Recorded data
Content starts

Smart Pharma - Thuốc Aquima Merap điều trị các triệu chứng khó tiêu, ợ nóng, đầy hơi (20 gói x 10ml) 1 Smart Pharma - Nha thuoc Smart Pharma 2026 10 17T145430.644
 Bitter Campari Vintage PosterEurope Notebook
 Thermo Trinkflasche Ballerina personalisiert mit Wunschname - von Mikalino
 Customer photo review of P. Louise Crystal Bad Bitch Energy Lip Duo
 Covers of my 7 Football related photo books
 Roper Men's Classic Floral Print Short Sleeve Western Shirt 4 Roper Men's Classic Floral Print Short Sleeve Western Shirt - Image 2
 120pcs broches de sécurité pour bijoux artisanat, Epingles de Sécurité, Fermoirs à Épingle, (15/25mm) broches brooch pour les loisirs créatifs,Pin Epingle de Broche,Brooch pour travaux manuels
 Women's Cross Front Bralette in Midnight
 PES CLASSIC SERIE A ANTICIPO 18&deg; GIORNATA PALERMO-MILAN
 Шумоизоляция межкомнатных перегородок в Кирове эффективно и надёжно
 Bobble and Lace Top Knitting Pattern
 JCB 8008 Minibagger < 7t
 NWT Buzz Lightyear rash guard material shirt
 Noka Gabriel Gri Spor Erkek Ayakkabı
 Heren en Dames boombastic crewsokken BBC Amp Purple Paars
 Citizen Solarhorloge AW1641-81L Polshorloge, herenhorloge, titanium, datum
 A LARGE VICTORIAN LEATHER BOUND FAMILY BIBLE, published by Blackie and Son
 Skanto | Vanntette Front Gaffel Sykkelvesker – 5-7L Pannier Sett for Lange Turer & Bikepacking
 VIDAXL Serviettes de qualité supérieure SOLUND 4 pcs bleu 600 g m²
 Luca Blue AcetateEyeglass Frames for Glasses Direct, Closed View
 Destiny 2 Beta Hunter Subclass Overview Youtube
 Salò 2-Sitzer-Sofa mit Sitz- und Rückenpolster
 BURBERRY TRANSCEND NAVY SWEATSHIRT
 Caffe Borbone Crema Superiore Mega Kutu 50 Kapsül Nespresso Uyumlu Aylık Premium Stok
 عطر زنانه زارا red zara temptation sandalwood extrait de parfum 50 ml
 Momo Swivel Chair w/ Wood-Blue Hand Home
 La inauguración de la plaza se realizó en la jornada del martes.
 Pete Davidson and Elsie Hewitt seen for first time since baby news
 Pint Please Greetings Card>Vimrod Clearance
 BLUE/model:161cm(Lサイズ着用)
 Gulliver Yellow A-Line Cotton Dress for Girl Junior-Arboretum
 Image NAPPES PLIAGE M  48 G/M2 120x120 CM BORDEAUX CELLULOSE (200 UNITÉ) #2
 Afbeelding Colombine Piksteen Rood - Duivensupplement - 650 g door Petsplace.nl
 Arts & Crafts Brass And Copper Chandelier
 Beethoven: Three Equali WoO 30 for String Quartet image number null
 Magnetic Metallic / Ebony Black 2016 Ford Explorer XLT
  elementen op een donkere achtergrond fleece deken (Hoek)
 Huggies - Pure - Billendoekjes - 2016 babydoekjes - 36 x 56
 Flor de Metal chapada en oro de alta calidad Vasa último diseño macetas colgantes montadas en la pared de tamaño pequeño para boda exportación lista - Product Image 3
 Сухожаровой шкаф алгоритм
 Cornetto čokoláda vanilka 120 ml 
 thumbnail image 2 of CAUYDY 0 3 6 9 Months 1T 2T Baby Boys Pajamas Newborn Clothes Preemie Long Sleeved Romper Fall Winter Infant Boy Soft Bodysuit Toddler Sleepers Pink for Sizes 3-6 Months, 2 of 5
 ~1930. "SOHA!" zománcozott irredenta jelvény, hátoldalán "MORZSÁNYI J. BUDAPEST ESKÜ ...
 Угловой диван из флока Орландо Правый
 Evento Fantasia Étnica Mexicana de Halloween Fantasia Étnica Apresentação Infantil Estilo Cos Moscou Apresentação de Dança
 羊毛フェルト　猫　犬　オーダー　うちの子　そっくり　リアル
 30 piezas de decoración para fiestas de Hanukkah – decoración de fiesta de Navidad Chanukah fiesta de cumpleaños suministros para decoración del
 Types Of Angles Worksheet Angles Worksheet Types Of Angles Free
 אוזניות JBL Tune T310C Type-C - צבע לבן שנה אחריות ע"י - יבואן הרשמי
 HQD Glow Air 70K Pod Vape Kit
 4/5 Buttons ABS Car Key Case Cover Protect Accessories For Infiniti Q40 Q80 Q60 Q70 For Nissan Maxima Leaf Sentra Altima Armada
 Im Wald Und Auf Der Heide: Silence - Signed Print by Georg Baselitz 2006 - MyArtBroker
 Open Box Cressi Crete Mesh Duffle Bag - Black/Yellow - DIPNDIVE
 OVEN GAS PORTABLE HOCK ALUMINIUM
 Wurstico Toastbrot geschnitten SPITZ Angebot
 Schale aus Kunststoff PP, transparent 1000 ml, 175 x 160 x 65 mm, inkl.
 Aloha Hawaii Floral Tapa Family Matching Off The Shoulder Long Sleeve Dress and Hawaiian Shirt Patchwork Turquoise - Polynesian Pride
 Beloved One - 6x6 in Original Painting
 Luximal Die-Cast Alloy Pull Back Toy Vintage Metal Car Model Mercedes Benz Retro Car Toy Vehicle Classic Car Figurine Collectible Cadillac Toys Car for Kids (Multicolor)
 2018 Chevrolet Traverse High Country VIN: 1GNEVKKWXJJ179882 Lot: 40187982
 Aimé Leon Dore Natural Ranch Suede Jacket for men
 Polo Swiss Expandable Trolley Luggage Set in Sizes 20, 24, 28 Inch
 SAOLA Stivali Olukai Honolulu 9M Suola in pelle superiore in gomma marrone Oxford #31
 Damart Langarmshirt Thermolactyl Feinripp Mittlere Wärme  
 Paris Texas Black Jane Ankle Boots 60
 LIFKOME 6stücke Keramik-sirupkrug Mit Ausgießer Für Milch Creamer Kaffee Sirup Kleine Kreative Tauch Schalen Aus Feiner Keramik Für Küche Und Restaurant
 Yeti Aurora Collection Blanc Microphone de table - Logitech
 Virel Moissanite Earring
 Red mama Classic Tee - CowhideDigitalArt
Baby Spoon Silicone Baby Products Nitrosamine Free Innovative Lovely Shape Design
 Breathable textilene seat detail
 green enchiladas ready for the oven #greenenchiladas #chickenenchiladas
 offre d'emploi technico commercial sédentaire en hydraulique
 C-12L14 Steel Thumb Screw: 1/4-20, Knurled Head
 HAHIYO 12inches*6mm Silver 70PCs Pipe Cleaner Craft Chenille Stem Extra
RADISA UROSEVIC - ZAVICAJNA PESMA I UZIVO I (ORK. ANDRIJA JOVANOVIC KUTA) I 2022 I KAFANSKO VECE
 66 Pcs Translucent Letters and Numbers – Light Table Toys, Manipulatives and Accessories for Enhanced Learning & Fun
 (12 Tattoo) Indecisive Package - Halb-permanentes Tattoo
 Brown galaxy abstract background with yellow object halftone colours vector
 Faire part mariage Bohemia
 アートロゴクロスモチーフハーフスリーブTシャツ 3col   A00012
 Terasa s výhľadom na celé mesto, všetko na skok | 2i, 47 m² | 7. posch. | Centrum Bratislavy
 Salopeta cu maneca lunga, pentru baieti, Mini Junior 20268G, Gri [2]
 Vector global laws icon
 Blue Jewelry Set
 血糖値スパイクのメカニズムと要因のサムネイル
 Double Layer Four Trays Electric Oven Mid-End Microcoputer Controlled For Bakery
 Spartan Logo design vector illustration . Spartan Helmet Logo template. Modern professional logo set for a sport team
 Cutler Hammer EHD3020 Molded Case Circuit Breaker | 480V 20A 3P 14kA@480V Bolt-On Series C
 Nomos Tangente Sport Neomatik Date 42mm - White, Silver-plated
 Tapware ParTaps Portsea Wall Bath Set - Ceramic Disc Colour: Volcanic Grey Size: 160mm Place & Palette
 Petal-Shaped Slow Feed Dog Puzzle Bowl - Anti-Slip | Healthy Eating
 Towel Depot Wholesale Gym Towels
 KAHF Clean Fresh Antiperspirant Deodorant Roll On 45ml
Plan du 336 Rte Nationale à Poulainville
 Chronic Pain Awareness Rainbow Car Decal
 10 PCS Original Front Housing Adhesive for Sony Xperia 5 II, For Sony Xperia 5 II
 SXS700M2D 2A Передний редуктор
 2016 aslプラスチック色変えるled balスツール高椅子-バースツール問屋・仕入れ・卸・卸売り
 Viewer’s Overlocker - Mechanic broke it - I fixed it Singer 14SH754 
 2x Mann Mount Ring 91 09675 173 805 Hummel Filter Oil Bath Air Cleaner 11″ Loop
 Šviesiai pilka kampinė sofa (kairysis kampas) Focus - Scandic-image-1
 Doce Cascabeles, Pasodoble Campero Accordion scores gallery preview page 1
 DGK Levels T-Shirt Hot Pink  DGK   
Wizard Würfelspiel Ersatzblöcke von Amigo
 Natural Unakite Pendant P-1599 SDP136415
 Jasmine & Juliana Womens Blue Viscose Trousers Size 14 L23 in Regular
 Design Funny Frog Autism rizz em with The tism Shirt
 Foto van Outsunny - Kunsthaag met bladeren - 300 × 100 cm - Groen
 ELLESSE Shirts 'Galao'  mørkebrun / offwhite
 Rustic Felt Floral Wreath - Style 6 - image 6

Content ends

What to work on — Could you transcribe the entries exactly, from the first line through the line containing "Covers of my 7 Football related photo books", and give nothing more?

Answer to the exercise —
Smart Pharma - Thuốc Aquima Merap điều trị các triệu chứng khó tiêu, ợ nóng, đầy hơi (20 gói x 10ml) 1 Smart Pharma - Nha thuoc Smart Pharma 2026 10 17T145430.644
 Bitter Campari Vintage PosterEurope Notebook
 Thermo Trinkflasche Ballerina personalisiert mit Wunschname - von Mikalino
 Customer photo review of P. Louise Crystal Bad Bitch Energy Lip Duo
 Covers of my 7 Football related photo books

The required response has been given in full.